28. Mr. Palkhivala is right in his submission that the sum of Rs. 21,200 which was commutation of liability for payment of pension is an amount disbursed towards the company's already existing liability. It is not possible to accept Mr. Joshi's contention that this disbursement was not made towards discharge of the already existing liability.
29. Similarly, Mr. Palkhivala is right that, since the appointment of Mr. Mathalone, managing director, was under the contract with him liable to be terminated by 6 months' notice, the sum of Rs. 16,188 paid to him in lieu of 6 months' notice must be held to be paid towards discharge of the already existing liability. This liability is the result of provision in the contract of appointment of R. Mathalone as managing director. If he had continued to work as managing director, the very same amount would have been expended towards his salary. It is impossible to hold that this amount which is expended towards discharge of a legal liability is not made wholly and exclusively for the purpose of business of the company. In the result, except as regards the above two items of Rs. 21,200 and Rs. 16,188, we confirm the finding made by the Appellate Tribunal that the rest of the disbursements have not been made wholly or exclusively for the purposes of business of the company. These are, in any event, not disbursements for which any deduction can be allowed under section 10 of the Act.
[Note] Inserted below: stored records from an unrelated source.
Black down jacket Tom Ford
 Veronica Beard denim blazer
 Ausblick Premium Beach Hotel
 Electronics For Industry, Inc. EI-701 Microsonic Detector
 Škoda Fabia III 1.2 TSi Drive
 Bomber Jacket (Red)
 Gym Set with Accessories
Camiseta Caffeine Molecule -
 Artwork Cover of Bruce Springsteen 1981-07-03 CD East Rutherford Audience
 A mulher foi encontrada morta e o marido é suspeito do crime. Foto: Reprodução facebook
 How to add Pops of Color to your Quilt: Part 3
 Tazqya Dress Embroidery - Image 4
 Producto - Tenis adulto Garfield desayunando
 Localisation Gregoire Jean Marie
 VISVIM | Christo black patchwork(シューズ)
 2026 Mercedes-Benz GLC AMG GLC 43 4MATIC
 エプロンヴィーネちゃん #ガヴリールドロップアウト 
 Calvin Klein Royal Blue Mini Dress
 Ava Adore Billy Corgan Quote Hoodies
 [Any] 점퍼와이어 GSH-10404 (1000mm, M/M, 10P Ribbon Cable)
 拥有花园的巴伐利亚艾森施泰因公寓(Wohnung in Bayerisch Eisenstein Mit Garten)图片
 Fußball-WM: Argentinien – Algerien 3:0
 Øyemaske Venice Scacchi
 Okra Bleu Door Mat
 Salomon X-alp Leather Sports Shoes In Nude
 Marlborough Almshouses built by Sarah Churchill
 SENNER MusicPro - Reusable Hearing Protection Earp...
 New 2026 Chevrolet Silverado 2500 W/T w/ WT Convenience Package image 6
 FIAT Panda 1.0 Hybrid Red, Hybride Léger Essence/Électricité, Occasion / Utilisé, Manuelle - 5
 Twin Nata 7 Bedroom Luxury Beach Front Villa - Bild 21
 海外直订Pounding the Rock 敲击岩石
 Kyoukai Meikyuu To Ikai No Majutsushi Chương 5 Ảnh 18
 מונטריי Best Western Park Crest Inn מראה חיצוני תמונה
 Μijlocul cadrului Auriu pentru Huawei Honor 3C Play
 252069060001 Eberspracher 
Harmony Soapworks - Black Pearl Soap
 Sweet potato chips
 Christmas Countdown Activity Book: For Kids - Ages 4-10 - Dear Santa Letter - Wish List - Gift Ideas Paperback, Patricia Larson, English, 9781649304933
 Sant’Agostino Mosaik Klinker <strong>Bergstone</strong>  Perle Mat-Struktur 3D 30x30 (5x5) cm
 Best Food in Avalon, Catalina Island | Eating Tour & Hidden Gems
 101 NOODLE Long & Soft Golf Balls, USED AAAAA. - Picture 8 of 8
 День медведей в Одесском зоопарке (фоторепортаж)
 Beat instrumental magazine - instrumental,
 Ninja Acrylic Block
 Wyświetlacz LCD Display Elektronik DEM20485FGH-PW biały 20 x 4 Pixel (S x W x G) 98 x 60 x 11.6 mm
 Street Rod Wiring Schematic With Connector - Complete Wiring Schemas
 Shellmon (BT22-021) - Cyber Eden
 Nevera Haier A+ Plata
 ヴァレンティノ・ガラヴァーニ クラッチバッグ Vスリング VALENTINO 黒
30. Our answers to the question accordingly are :
Question No. 1 in the negative but only in respect of the amount aggregating to Rs. 1,27,511 (excluding the two items of Rs. 21,200 and Rs. 16,188). Question No. 2 in the affirmative but only in respect of the amount aggregating to Rs. 1,27,511 (excluding the two items of Rs. 21,200 and Rs. 16,188). Question No. 3 in the affirmative.
31. The fair order for cost under the circumstances discussed above is that each party will bear and pay its own costs.